◆ **Problem**:
Copy the lines below verbatim, beginning with the line that includes "泉币菌-第160场-新年第三场 精品福利场 奥地利1979年1先令" and continuing to the end; leave out everything before it.

====

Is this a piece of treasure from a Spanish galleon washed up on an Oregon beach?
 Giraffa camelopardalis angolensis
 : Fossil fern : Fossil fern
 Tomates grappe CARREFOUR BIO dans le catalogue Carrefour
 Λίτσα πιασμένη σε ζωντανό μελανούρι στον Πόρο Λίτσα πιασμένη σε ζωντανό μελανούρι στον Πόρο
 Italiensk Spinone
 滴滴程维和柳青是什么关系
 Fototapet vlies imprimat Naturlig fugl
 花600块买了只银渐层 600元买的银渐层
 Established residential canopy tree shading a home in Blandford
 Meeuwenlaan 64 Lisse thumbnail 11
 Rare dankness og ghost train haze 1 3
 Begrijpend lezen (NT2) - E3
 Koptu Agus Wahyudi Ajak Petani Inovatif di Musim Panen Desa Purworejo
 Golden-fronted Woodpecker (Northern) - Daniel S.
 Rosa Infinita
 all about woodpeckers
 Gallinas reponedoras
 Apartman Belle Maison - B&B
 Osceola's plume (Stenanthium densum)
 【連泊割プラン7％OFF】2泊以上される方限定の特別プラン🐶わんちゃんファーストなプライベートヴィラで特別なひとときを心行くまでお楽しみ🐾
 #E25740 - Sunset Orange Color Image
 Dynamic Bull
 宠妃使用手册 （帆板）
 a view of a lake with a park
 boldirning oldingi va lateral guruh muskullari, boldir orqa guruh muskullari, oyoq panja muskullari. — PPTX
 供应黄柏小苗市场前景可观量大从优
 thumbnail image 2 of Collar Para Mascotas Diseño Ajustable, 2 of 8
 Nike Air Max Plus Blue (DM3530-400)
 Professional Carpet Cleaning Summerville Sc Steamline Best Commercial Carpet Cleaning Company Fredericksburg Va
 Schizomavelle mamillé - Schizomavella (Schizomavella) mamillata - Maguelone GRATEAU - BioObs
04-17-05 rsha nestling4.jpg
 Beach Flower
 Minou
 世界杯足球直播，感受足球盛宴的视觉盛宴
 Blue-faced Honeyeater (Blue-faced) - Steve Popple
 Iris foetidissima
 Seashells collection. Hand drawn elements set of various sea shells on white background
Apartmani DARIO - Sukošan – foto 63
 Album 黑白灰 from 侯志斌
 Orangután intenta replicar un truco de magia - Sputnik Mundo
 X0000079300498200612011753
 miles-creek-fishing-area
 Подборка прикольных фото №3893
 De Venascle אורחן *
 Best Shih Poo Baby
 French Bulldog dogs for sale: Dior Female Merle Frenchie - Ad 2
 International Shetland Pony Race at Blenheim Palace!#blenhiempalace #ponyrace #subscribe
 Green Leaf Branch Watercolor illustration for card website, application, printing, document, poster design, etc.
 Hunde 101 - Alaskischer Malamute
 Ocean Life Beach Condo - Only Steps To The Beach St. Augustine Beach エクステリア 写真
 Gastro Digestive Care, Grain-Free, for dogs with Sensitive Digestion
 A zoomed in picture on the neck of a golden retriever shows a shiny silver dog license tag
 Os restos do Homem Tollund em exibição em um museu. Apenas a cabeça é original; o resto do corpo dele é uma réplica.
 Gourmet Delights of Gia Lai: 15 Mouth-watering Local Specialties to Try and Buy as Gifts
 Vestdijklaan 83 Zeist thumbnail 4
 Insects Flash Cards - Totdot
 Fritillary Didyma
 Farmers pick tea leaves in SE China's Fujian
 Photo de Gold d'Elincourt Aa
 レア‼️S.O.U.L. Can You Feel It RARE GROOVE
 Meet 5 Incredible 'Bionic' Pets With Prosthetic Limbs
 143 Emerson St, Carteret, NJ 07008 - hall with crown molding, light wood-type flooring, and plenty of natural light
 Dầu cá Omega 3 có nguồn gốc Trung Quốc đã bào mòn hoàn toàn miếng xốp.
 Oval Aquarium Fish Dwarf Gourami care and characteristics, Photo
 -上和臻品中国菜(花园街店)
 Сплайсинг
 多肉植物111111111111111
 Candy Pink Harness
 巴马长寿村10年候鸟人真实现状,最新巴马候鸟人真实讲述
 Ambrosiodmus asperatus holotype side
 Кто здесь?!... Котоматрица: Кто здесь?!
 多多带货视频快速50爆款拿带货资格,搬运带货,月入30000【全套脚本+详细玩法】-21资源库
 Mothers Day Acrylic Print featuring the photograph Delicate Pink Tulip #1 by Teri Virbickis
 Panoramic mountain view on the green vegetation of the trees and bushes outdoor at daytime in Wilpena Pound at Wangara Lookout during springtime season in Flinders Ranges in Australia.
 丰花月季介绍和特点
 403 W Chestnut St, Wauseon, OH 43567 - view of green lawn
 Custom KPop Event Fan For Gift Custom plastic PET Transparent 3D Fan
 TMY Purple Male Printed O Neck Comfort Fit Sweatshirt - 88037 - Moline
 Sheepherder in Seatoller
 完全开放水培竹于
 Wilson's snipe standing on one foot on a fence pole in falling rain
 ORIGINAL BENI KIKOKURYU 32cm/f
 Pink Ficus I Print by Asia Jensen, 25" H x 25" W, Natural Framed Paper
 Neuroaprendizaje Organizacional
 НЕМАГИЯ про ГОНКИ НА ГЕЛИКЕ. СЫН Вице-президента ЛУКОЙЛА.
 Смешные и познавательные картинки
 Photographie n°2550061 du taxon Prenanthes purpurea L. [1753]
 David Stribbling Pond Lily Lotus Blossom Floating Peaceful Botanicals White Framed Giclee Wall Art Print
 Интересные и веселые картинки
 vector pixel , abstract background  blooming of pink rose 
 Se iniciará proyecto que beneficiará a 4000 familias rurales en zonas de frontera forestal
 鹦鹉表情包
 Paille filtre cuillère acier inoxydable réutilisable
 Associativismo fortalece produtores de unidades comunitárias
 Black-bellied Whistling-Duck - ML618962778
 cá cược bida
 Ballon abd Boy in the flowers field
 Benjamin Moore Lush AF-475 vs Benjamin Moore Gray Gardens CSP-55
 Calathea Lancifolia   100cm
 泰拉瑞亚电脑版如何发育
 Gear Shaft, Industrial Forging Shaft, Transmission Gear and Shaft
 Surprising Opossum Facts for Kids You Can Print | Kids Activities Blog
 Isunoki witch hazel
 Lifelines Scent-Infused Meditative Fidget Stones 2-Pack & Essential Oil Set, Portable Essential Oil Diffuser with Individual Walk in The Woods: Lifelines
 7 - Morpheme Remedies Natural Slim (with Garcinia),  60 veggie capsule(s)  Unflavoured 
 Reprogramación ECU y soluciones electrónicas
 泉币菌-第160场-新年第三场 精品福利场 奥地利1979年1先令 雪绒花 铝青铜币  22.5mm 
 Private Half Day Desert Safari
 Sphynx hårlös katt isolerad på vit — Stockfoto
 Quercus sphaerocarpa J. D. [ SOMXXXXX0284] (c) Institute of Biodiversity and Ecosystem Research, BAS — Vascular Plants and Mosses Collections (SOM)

====

◆ **Worked solution**:
 泉币菌-第160场-新年第三场 精品福利场 奥地利1979年1先令 雪绒花 铝青铜币  22.5mm 
 Private Half Day Desert Safari
 Sphynx hårlös katt isolerad på vit — Stockfoto
 Quercus sphaerocarpa J. D. [ SOMXXXXX0284] (c) Institute of Biodiversity and Ecosystem Research, BAS — Vascular Plants and Mosses Collections (SOM)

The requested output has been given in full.